## DATASET EXCERPTS:
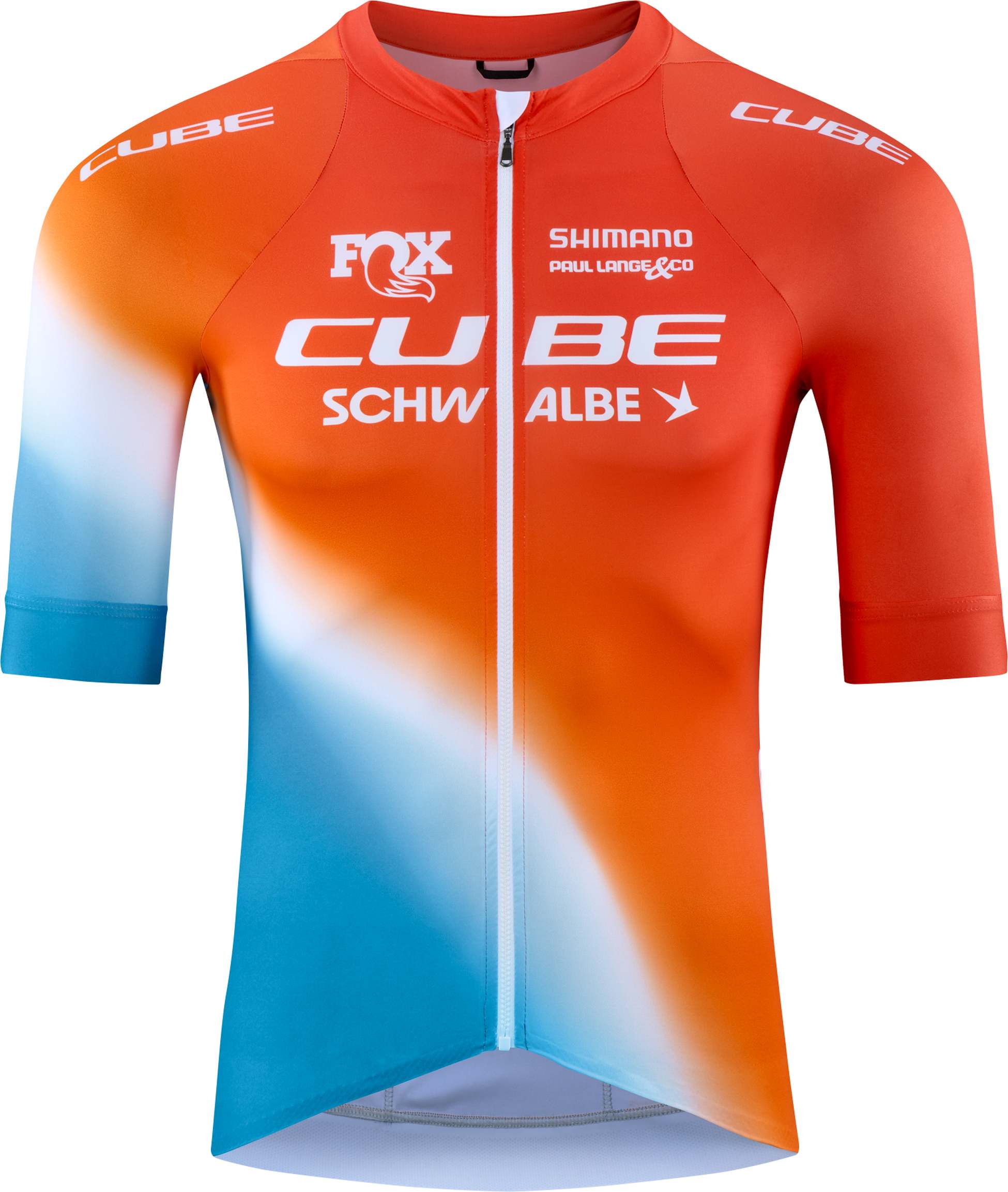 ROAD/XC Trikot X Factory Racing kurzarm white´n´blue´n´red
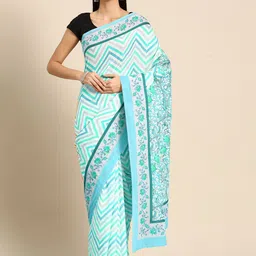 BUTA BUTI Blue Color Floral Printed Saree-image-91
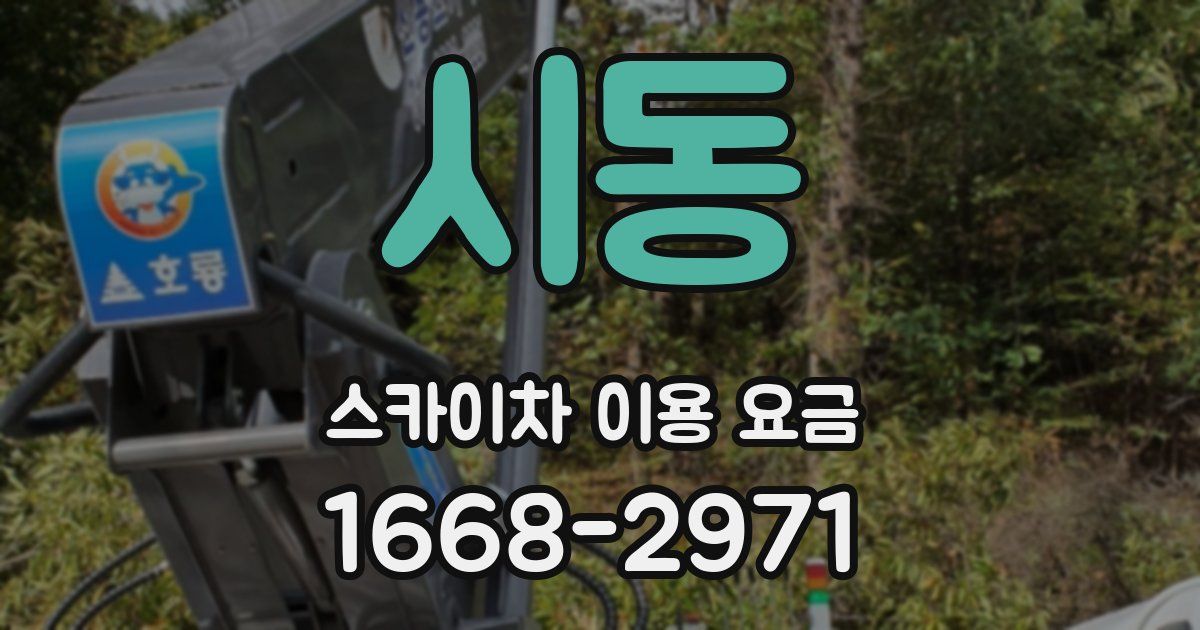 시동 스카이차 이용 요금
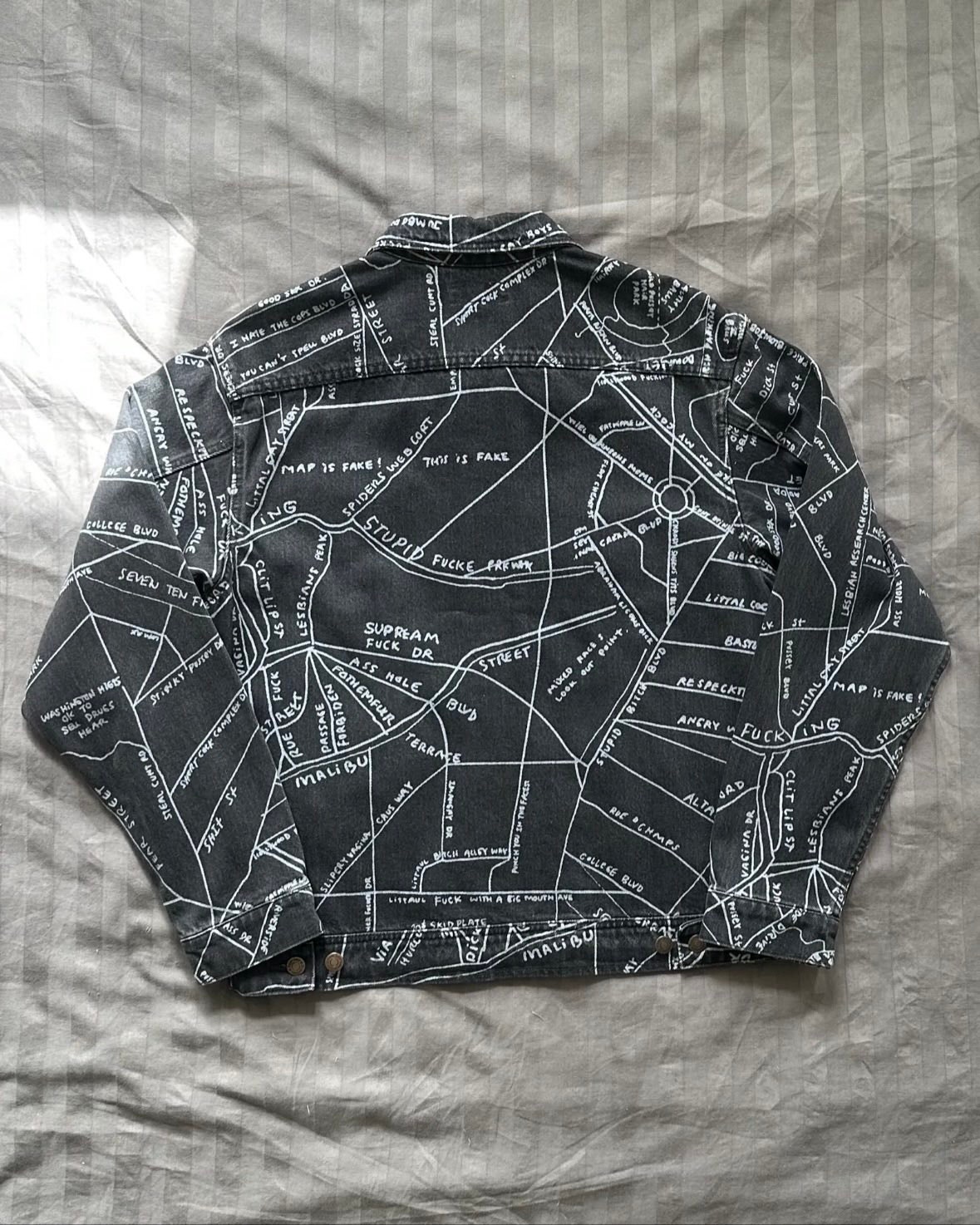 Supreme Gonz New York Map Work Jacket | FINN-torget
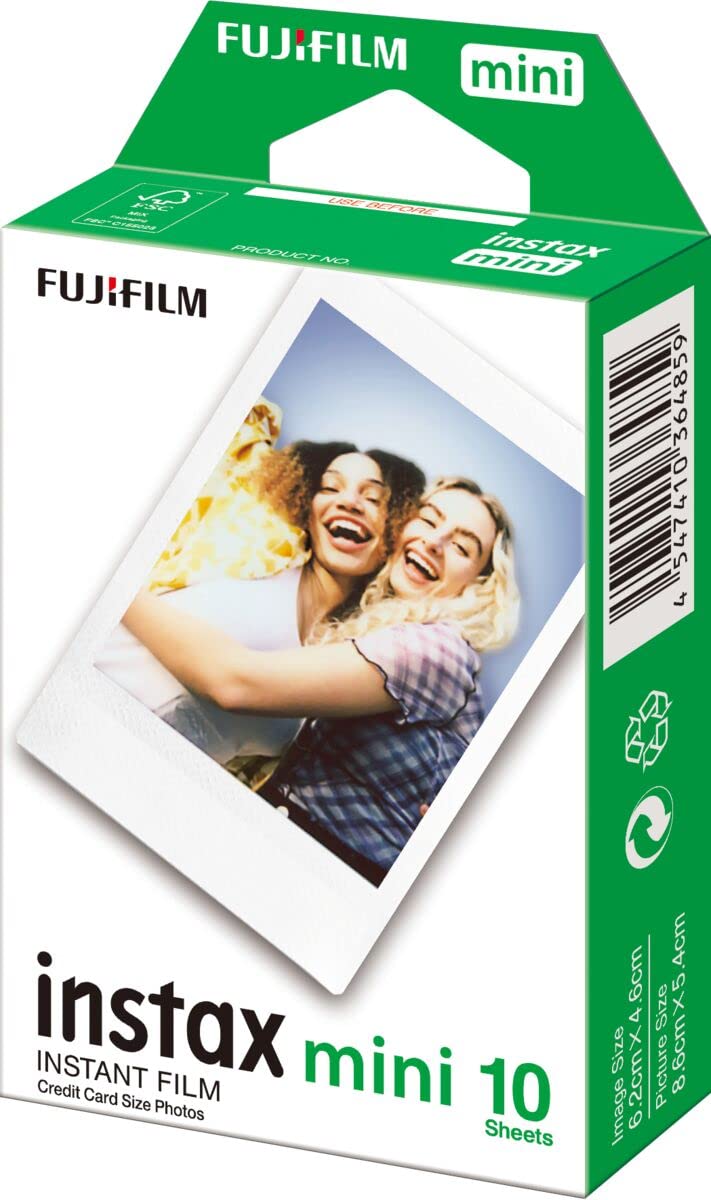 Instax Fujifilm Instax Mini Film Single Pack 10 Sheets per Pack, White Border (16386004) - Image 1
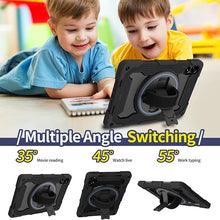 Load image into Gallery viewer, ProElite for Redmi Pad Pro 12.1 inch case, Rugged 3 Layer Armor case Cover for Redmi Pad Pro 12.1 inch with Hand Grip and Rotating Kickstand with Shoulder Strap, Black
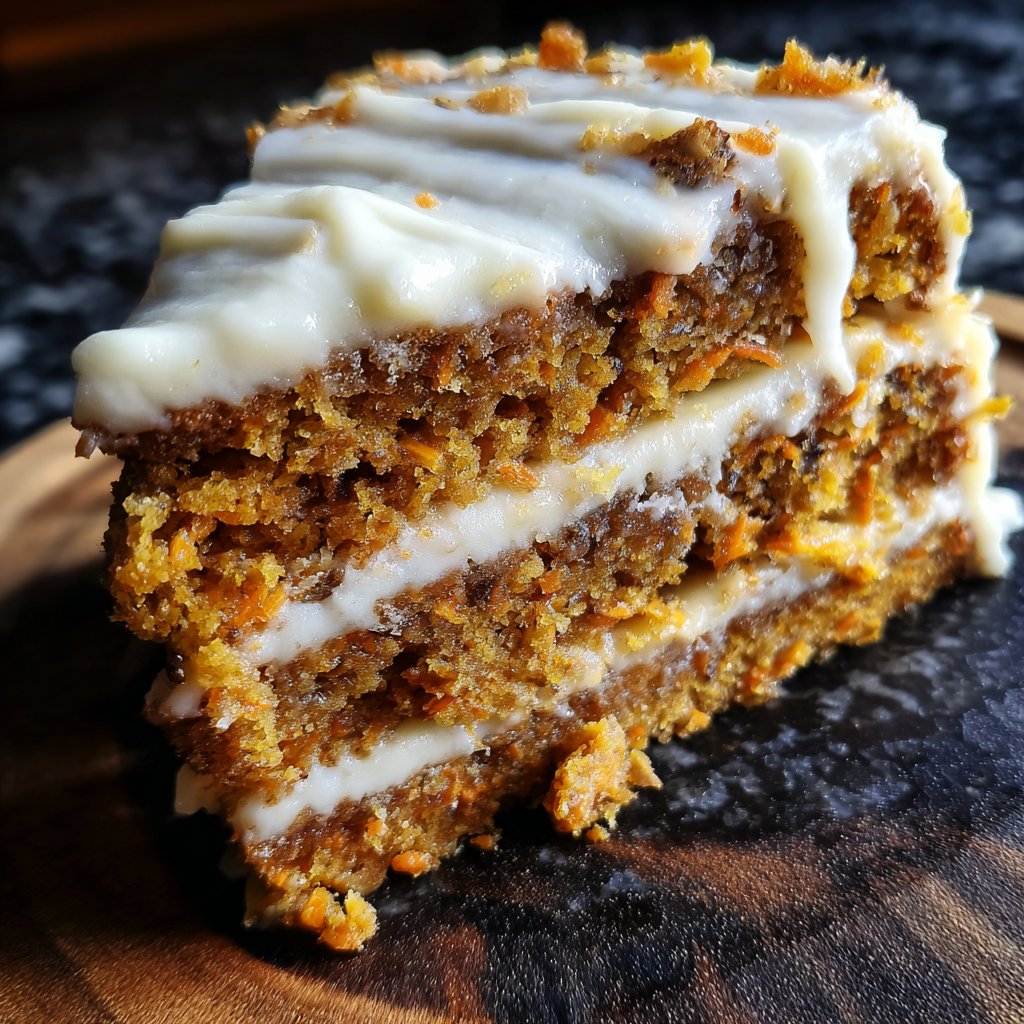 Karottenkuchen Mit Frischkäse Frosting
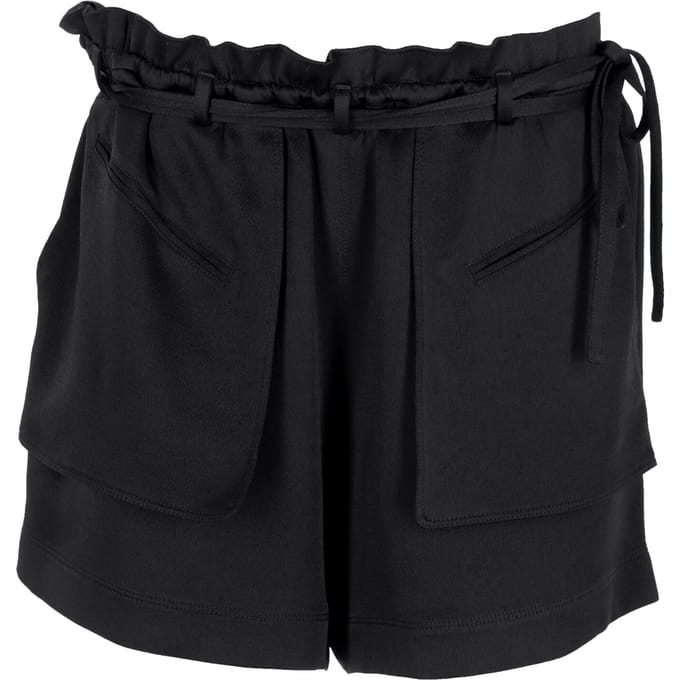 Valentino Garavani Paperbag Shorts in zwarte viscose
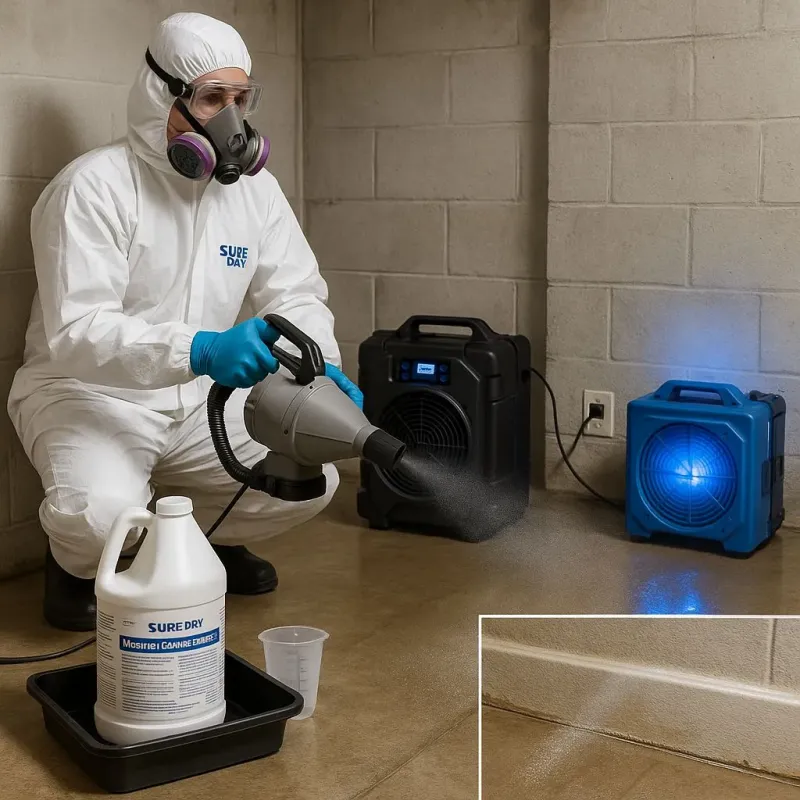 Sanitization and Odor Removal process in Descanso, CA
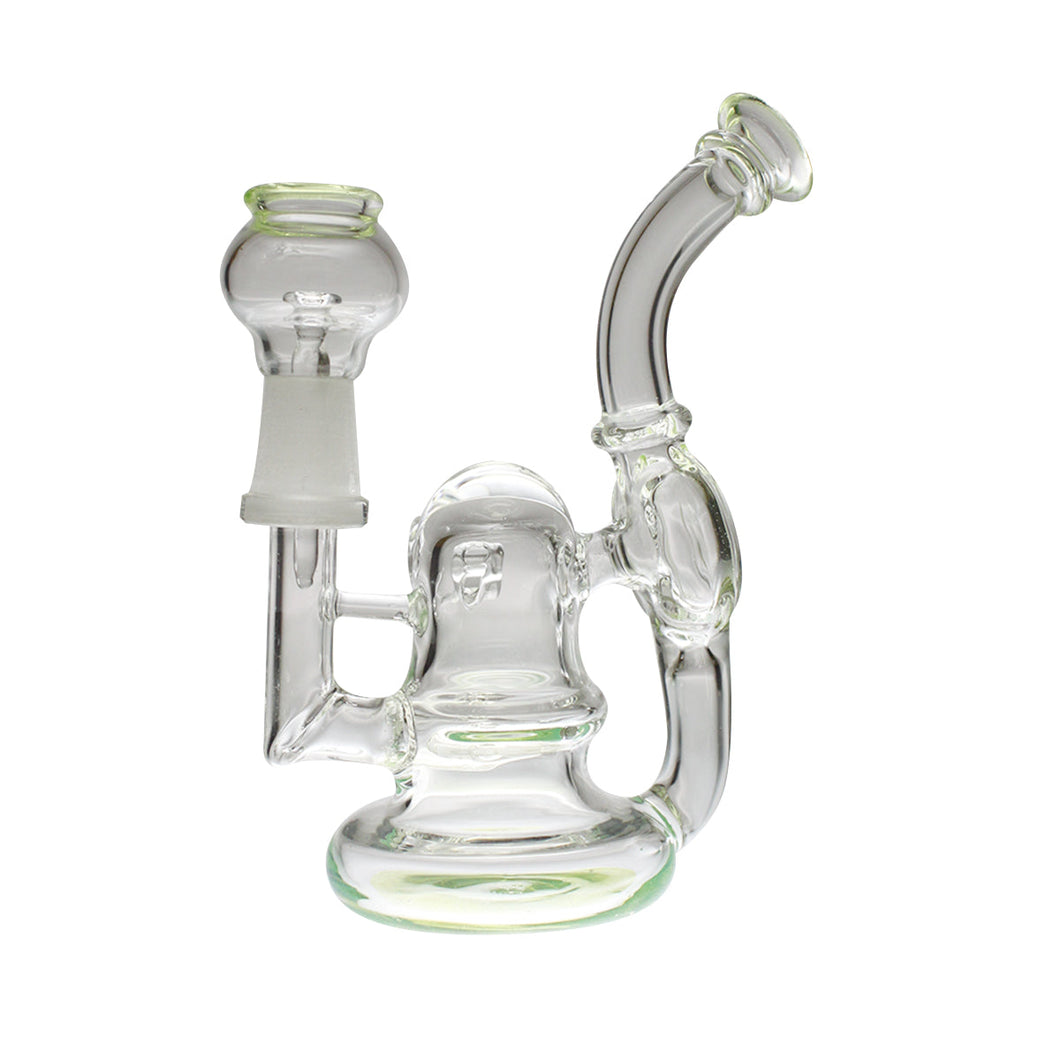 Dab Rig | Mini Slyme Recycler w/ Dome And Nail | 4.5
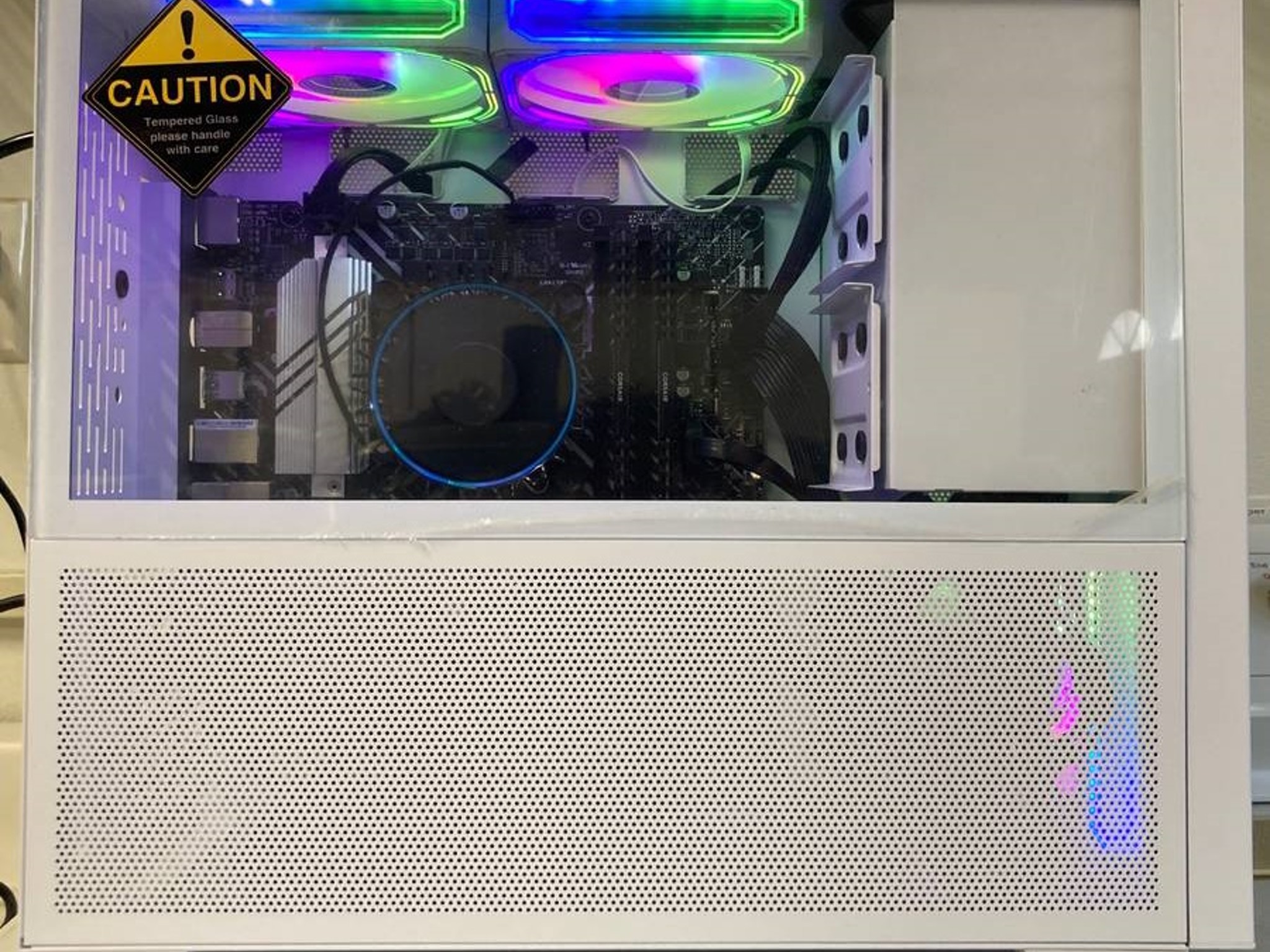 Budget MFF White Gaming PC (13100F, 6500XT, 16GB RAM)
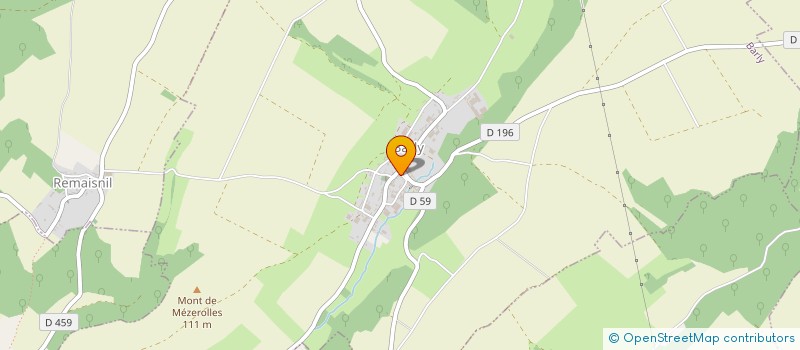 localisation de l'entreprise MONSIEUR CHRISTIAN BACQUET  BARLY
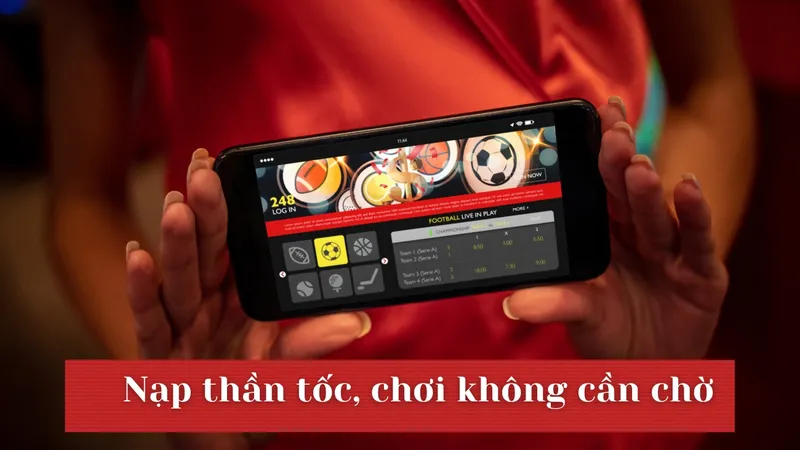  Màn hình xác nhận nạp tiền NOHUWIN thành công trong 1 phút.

## EXERCISE GOAL:
Line for line, output the entries above from the line with "BUTA BUTI Blue" to the line with "Instax Fujifilm Instax", both included, and nothing more. Skip pictures.

## ANSWER TO THIS EXERCISE:
 BUTA BUTI Blue Color Floral Printed Saree-image-91
 시동 스카이차 이용 요금
 Supreme Gonz New York Map Work Jacket | FINN-torget
 Instax Fujifilm Instax Mini Film Single Pack 10 Sheets per Pack, White Border (16386004) - Image 1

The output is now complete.